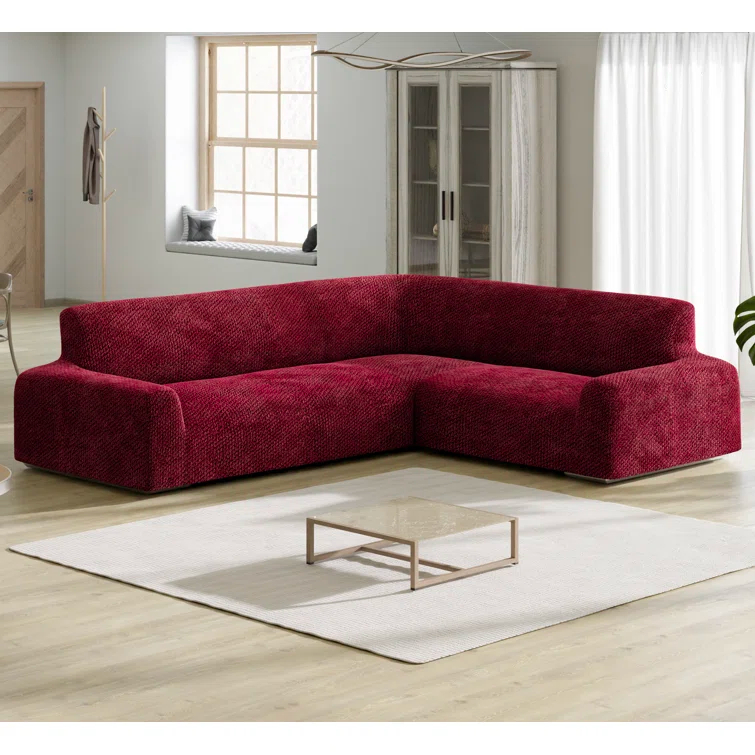 Stretchy Slipcover for Corner Sofa - Soft to Touch & Easy to Clean - Velvet Collection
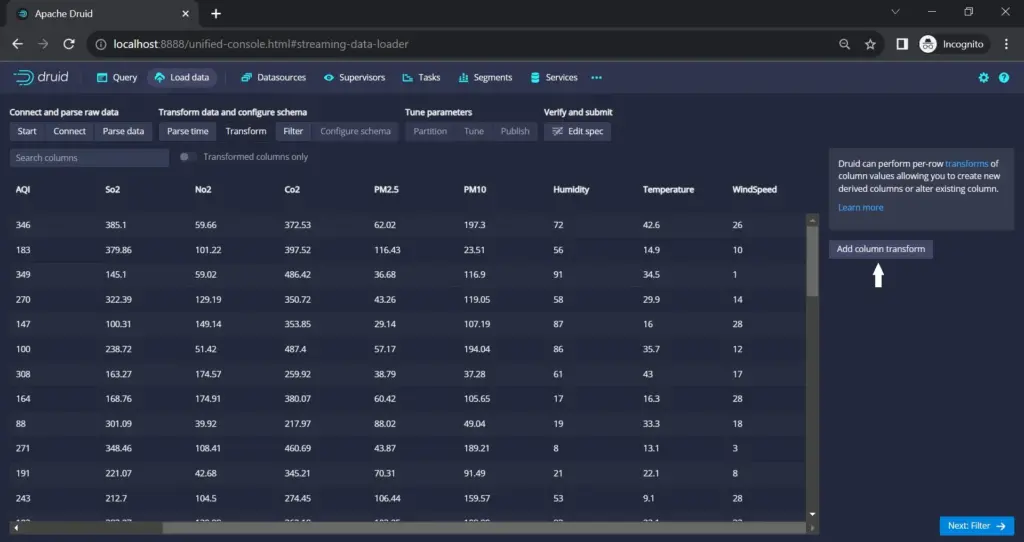 Data transformation 1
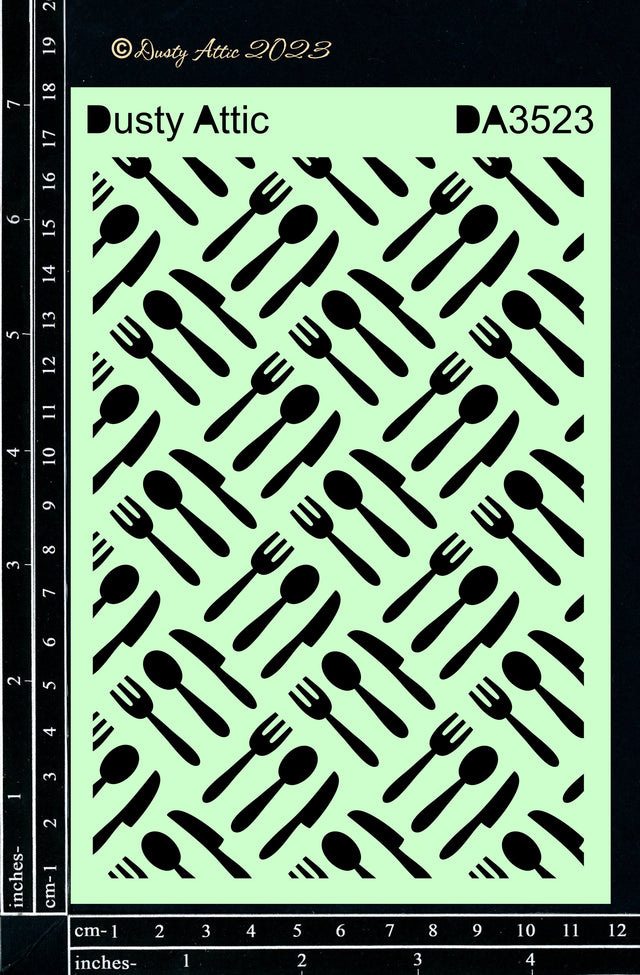 Cutlery Stencil image 0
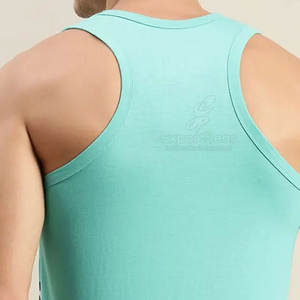 Camiseta sin mangas de algodón suave con cuello redondo y diseño informal de moda Camiseta sin mangas de ajuste relajado con tela ligera - Product Image 5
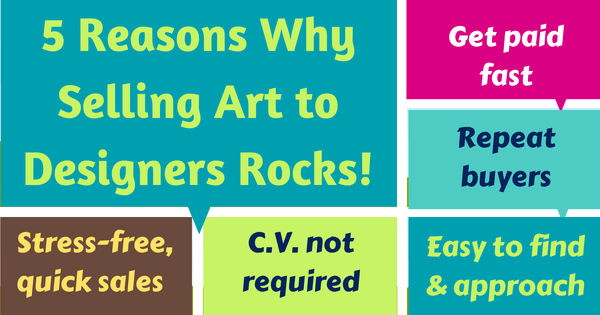 Selling art to designers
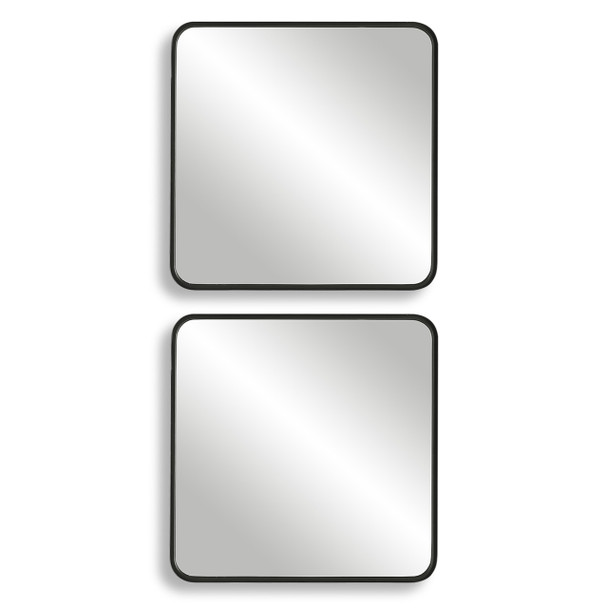 StudioLX Mirror - Set of 2 Satin Black Finish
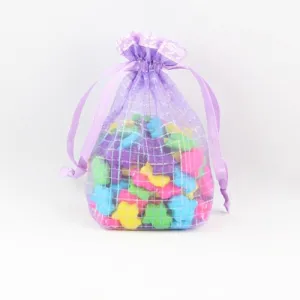 Iridescent Lavender Organza Pouch | 12 Count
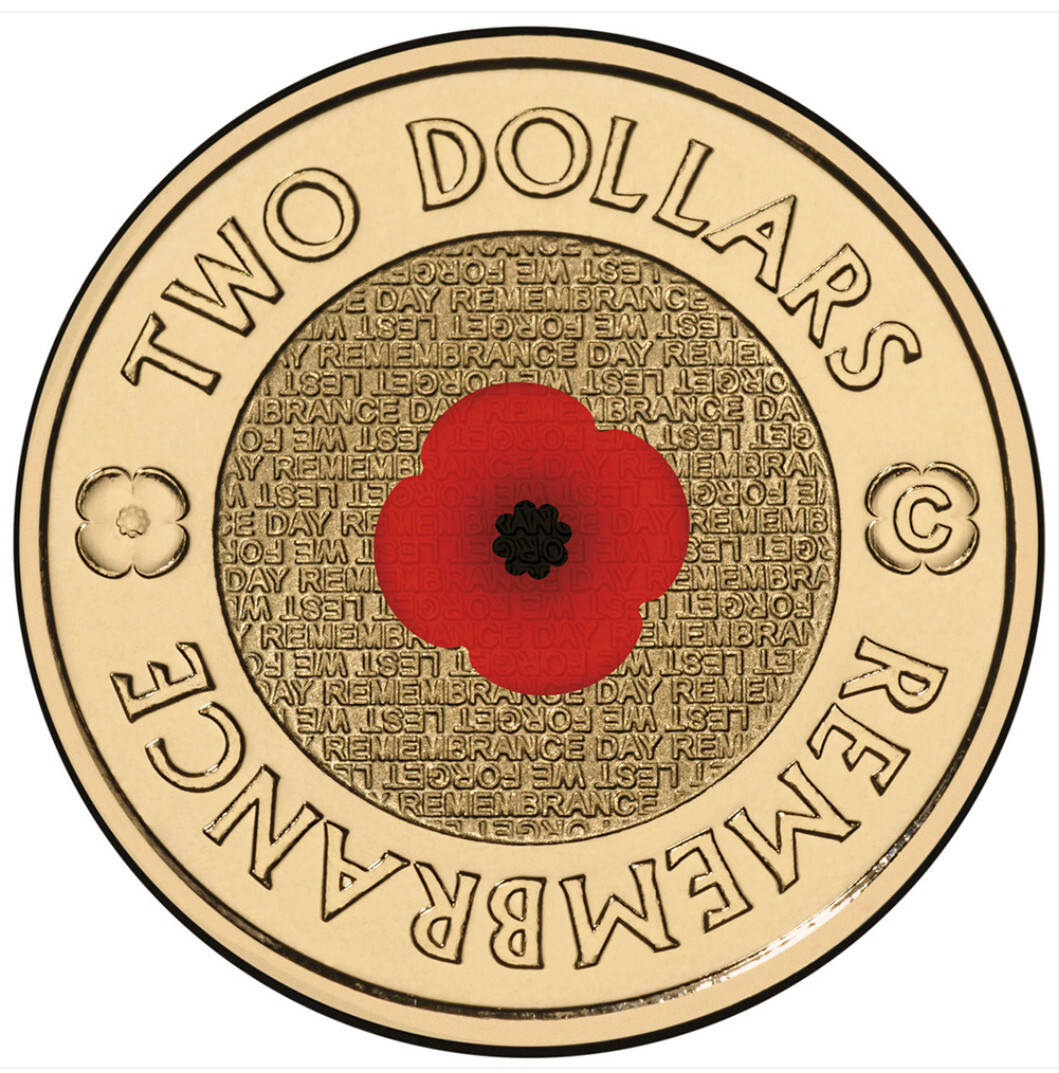 2012 PNC $2 Remembrance Red Poppy 'C' Mintmark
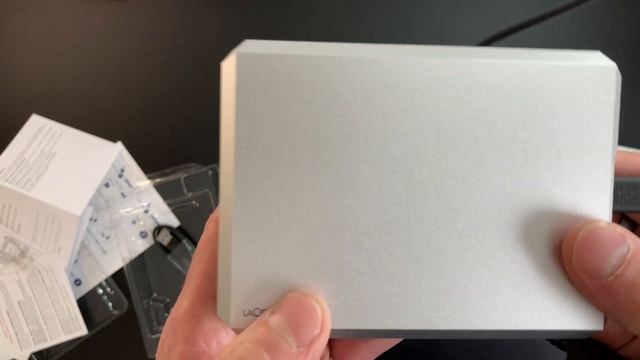 LaCie Mobile Drive Moon 4 TB  2.5 Zoll USB-C 3.1 für PC Mac und Konsolen  Unboxing  Speedtest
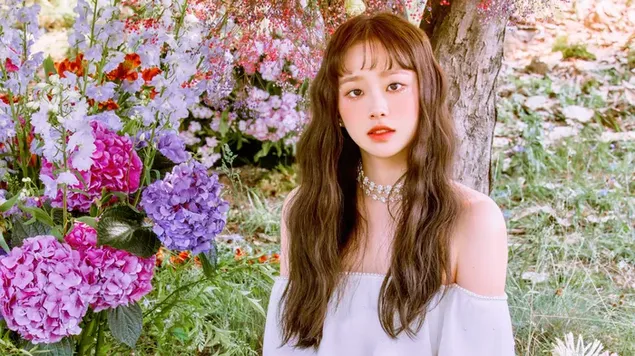 Flip That' 뮤직비디오 촬영 중인 이달의 소녀 츄 4K 배경화면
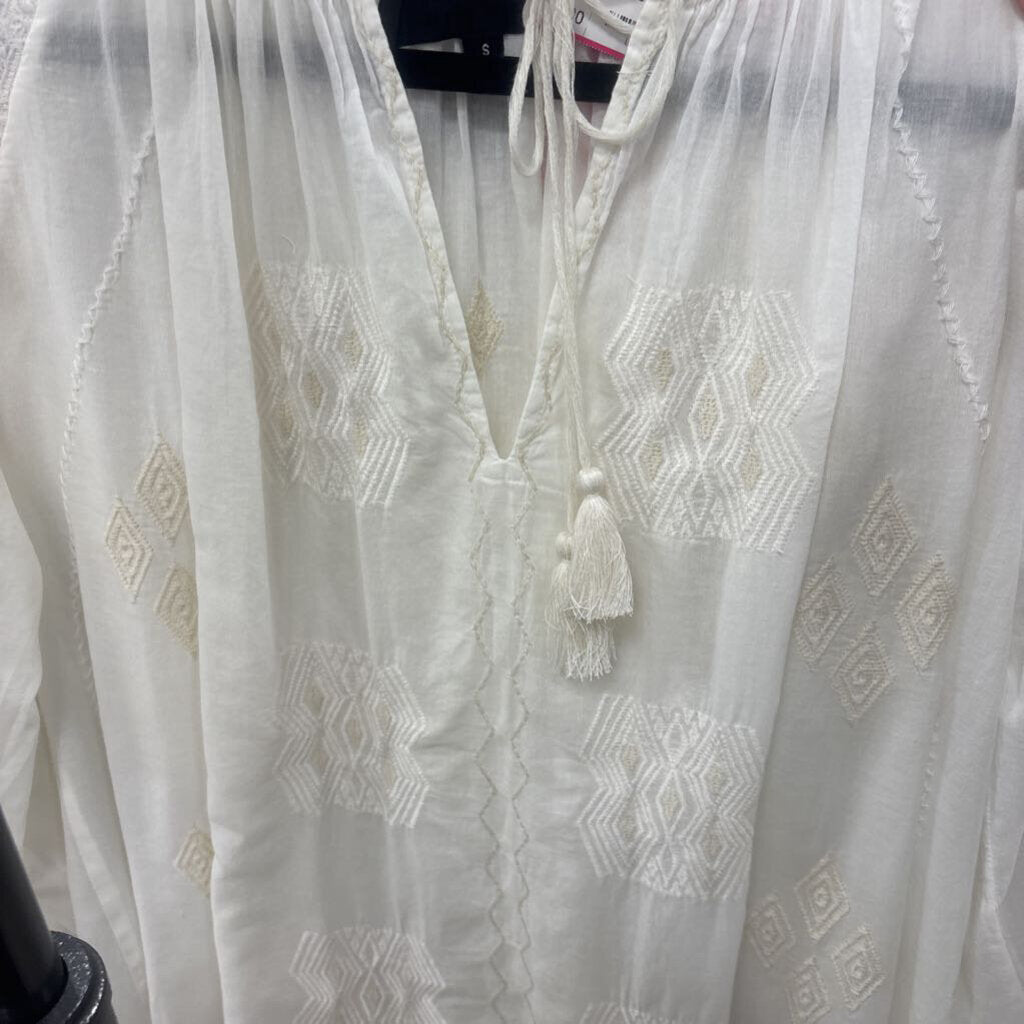 Cream Embroidered Blouse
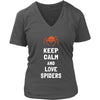 Spider Shirt - Keep Calm - Animal Lover Gift-T-shirt-Teelime | shirts-hoodies-mugs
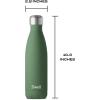 imageSwell Stainless Steel Water Bottle 17oz Green Jasper Triple Layered Vacuum Insulated Containers Keeps Drinks Cold for 36 Hours and Hot for 18 BPA Free Perfect for On the Go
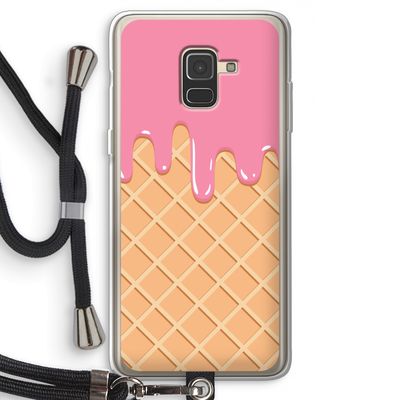 Ice cream: Samsung Galaxy A8 (2018) Transparant Hoesje met koord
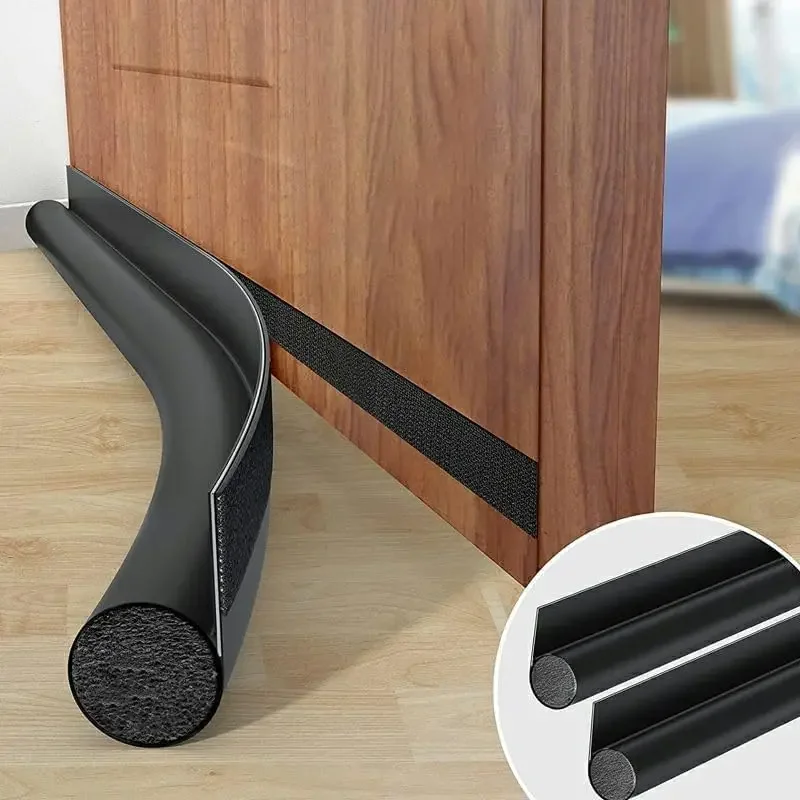 5/1PCS Adjustable Door Bottom Sealing Strip Cutable Under Door Gap Draft Blocker Stop Windproof Insulation Foam Weather Strips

**Your objective:**
Would you please retype the material above exactly and leave out each picture?

**Written answer:**
 Stretchy Slipcover for Corner Sofa - Soft to Touch & Easy to Clean - Velvet Collection
 Data transformation 1
 Cutlery Stencil image 0
 Camiseta sin mangas de algodón suave con cuello redondo y diseño informal de moda Camiseta sin mangas de ajuste relajado con tela ligera - Product Image 5
 Selling art to designers
 StudioLX Mirror - Set of 2 Satin Black Finish
 Iridescent Lavender Organza Pouch | 12 Count
 2012 PNC $2 Remembrance Red Poppy 'C' Mintmark
 LaCie Mobile Drive Moon 4 TB  2.5 Zoll USB-C 3.1 für PC Mac und Konsolen  Unboxing  Speedtest
 Flip That' 뮤직비디오 촬영 중인 이달의 소녀 츄 4K 배경화면
 Cream Embroidered Blouse
 Spider Shirt - Keep Calm - Animal Lover Gift-T-shirt-Teelime | shirts-hoodies-mugs
 imageSwell Stainless Steel Water Bottle 17oz Green Jasper Triple Layered Vacuum Insulated Containers Keeps Drinks Cold for 36 Hours and Hot for 18 BPA Free Perfect for On the Go
 Ice cream: Samsung Galaxy A8 (2018) Transparant Hoesje met koord
 5/1PCS Adjustable Door Bottom Sealing Strip Cutable Under Door Gap Draft Blocker Stop Windproof Insulation Foam Weather Strips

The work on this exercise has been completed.